Return the run of lines below that opens with the line containing "Image de Grand" and closes with the line containing "2018 VOLKSWAGEN Passat", keeping each one exact.

(Records from a dataset)
+++

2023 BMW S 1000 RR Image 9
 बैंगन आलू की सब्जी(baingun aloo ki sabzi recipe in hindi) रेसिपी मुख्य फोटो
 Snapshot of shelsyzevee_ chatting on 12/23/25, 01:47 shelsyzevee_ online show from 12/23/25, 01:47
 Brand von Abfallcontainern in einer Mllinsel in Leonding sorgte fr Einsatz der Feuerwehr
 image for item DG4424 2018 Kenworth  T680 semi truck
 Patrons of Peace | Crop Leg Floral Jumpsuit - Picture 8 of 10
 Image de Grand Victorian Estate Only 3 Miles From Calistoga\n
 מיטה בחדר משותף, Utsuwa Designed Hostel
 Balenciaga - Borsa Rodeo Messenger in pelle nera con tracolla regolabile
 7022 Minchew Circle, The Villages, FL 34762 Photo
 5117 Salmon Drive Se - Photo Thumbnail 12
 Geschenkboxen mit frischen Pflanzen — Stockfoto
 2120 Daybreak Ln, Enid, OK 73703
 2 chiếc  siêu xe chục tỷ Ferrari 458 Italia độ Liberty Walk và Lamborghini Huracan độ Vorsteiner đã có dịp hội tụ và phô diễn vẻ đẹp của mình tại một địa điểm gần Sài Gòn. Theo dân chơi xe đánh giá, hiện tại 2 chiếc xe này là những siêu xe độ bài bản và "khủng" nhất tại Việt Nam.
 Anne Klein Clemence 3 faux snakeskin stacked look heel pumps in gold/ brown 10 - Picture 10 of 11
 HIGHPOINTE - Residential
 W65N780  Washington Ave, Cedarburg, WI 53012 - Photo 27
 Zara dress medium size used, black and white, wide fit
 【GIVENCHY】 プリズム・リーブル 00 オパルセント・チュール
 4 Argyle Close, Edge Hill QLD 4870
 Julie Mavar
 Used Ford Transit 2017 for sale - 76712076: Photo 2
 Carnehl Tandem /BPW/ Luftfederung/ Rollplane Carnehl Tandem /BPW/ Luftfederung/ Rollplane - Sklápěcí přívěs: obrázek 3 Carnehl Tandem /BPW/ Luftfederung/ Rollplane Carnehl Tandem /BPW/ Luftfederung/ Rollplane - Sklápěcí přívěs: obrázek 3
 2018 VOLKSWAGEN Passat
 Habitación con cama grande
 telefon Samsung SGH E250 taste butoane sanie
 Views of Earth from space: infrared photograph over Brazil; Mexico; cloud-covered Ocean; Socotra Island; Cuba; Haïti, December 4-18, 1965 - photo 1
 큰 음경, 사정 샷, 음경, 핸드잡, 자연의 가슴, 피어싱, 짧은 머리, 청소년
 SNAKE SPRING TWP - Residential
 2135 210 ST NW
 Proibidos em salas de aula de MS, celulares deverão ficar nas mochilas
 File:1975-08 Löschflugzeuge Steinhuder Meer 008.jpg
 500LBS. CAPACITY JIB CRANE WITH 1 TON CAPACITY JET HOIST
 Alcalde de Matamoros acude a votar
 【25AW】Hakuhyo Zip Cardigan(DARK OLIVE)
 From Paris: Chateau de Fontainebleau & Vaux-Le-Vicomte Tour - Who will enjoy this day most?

+++

-- Answer --
 Image de Grand Victorian Estate Only 3 Miles From Calistoga\n
 מיטה בחדר משותף, Utsuwa Designed Hostel
 Balenciaga - Borsa Rodeo Messenger in pelle nera con tracolla regolabile
 7022 Minchew Circle, The Villages, FL 34762 Photo
 5117 Salmon Drive Se - Photo Thumbnail 12
 Geschenkboxen mit frischen Pflanzen — Stockfoto
 2120 Daybreak Ln, Enid, OK 73703
 2 chiếc  siêu xe chục tỷ Ferrari 458 Italia độ Liberty Walk và Lamborghini Huracan độ Vorsteiner đã có dịp hội tụ và phô diễn vẻ đẹp của mình tại một địa điểm gần Sài Gòn. Theo dân chơi xe đánh giá, hiện tại 2 chiếc xe này là những siêu xe độ bài bản và "khủng" nhất tại Việt Nam.
 Anne Klein Clemence 3 faux snakeskin stacked look heel pumps in gold/ brown 10 - Picture 10 of 11
 HIGHPOINTE - Residential
 W65N780  Washington Ave, Cedarburg, WI 53012 - Photo 27
 Zara dress medium size used, black and white, wide fit
 【GIVENCHY】 プリズム・リーブル 00 オパルセント・チュール
 4 Argyle Close, Edge Hill QLD 4870
 Julie Mavar
 Used Ford Transit 2017 for sale - 76712076: Photo 2
 Carnehl Tandem /BPW/ Luftfederung/ Rollplane Carnehl Tandem /BPW/ Luftfederung/ Rollplane - Sklápěcí přívěs: obrázek 3 Carnehl Tandem /BPW/ Luftfederung/ Rollplane Carnehl Tandem /BPW/ Luftfederung/ Rollplane - Sklápěcí přívěs: obrázek 3
 2018 VOLKSWAGEN Passat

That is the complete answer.